Charleston County's Park and Recreation Commission will hold a meeting Tuesday night to seek feedback on how and what stories it should share about the Old Towne Creek County Park as development continues.
The meeting, which will run from 6 to 7:30 p.m. at the Orange Grove Charter School in West Ashley, will include a presentation on work that the county has done since buying the property in 2011 and what is planned for the next year, Land Resource Planner Adam Ronan said.
The park is off Old Town Road and is about 67 acres, just south of the Charles Towne Landing State Historic Site. When the county agency announced the sale, its officials said they envisioned their county park as an extension of the state's park.
Charleston County Parks staff currently oversees mowing and landscape maintenance. Since the purchase, county staff installed a dock on a creek, stabilized some existing houses on the site and started clearing some trails.

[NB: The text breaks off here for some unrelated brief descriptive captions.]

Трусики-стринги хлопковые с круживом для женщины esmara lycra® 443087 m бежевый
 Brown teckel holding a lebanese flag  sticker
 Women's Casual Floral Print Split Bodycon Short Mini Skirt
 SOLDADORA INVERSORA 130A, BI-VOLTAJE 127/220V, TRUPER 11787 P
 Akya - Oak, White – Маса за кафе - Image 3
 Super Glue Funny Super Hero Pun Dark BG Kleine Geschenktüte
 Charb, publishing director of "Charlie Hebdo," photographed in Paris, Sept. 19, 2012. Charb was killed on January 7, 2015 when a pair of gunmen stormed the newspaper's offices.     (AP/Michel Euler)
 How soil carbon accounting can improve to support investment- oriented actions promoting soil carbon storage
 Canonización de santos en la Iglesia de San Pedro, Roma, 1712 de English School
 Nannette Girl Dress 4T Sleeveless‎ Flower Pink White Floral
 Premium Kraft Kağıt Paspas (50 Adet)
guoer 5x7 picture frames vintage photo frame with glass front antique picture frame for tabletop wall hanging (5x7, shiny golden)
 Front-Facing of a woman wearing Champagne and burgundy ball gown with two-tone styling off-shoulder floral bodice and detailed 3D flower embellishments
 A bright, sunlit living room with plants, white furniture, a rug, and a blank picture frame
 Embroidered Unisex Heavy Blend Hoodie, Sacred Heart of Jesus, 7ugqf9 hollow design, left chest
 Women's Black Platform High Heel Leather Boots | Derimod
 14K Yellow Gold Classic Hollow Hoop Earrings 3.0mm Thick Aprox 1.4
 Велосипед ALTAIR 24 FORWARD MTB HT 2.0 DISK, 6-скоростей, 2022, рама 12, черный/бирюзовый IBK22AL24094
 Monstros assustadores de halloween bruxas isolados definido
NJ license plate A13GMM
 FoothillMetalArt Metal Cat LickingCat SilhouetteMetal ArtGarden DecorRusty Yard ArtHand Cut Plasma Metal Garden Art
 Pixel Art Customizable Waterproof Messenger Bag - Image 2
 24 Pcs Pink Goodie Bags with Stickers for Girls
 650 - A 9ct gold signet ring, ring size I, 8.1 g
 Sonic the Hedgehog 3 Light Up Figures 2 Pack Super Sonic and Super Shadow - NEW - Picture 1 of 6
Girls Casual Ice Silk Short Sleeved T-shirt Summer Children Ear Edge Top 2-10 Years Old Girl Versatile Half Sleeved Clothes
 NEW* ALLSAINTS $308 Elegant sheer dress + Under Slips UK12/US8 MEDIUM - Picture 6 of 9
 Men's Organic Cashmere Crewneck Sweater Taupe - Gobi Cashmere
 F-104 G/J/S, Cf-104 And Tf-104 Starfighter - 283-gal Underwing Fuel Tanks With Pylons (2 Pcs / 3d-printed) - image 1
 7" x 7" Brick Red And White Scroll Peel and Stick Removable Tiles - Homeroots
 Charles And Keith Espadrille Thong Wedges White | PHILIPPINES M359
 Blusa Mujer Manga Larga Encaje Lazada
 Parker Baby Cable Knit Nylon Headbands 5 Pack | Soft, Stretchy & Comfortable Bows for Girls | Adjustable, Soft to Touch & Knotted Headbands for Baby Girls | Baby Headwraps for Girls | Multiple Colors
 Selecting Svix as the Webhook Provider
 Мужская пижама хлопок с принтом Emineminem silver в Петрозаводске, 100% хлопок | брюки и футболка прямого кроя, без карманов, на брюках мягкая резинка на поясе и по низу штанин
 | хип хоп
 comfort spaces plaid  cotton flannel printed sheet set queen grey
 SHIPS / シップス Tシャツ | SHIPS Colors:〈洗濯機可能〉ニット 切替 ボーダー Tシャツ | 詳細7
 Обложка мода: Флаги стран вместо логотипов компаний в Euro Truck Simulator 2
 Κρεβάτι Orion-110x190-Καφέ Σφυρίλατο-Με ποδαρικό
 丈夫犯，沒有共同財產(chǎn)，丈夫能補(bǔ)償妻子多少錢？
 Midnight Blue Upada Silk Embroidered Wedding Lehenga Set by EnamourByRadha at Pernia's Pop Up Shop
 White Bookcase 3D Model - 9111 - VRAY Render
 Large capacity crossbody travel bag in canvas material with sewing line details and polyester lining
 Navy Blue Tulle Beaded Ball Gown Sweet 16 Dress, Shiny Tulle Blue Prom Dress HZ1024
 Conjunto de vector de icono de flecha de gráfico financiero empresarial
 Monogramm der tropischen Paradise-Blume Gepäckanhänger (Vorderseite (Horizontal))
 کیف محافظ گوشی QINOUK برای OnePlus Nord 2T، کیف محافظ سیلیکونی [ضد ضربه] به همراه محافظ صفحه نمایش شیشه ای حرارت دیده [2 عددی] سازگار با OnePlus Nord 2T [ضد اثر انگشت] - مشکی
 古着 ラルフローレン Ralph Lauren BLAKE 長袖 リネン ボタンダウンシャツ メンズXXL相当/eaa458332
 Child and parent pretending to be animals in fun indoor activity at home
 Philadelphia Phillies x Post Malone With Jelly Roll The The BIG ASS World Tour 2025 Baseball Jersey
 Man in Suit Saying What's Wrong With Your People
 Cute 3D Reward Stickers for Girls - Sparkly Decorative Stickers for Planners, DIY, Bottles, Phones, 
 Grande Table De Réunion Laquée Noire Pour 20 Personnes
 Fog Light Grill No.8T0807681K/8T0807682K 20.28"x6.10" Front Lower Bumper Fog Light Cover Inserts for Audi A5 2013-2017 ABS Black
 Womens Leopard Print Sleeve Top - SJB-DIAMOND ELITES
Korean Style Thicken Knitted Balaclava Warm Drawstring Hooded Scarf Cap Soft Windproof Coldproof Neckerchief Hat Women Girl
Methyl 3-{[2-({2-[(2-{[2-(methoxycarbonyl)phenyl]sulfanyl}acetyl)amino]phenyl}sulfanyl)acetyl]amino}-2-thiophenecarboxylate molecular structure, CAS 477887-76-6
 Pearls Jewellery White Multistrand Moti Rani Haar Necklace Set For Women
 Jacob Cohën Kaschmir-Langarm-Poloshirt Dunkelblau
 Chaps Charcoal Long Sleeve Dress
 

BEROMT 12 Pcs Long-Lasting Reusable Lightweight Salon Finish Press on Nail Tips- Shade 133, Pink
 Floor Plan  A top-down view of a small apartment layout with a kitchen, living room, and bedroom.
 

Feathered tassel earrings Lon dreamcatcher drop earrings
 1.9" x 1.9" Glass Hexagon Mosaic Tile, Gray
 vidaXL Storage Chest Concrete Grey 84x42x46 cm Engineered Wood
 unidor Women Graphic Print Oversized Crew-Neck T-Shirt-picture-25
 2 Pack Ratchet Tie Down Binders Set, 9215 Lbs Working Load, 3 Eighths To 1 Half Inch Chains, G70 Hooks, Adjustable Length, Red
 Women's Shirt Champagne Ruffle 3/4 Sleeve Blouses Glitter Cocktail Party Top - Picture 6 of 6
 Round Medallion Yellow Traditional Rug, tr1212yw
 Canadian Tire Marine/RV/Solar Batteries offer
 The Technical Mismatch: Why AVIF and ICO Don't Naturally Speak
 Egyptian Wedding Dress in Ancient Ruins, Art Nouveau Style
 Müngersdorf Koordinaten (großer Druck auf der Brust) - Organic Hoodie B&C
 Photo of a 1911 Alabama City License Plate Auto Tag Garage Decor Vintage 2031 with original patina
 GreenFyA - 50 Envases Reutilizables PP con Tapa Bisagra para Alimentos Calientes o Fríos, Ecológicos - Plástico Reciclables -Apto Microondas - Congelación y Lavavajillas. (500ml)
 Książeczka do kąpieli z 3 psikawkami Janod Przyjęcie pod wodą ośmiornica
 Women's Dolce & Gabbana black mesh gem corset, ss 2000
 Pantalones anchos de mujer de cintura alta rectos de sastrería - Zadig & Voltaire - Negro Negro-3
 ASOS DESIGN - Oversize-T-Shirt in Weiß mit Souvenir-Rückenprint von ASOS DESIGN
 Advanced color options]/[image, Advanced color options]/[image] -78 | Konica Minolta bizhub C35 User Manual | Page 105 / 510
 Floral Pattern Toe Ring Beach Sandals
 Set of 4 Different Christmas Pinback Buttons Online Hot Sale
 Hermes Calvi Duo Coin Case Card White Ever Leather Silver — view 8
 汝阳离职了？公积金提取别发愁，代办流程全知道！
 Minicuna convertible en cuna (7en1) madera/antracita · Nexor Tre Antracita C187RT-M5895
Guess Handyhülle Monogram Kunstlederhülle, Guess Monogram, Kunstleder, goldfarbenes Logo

About 11 acres are available for development, Ronan said, and plans include an event pavilion, an outdoor learning center and a visitor center in one of the houses.
"We're asking the public to weigh in on how best to tell the story about the park, whether it's the people who owned the park, who worked in the park, the story of West Ashley, the history of truck farming," Ronan said. "Our hope is that this park will be a true amenity for all Charleston County residents, especially West Ashley residents."
From the early 1900s to about the 1950s, the land was used for small-scale crop farming. Its former owner, Emily Ravenel Farrow, used it as a country retreat away from her family's downtown home. She loved horses, so there are some existing horse trails and barns. The park is surrounded by marshes and tidal creeks.
In 2017, Charleston County Parks staff received feedback on the master plan for the site. That planning includes the development of a pavilion. Construction is expected to start in mid-2020 and be completed for a late 2021 opening.
Currently, the park is only open to the public for special events, like Wine-Down Wednesdays.
The project is estimated to cost $9 million to $10 million with funding coming from various agency sources, Ronan said. The Design Minds, a Virginia-based contractor hired for the latest planning component, is being paid approximately $47,000, Ronan said.
The Design Minds also was hired for planning the interpretation of the county agency's McLeod Plantation site on James Island.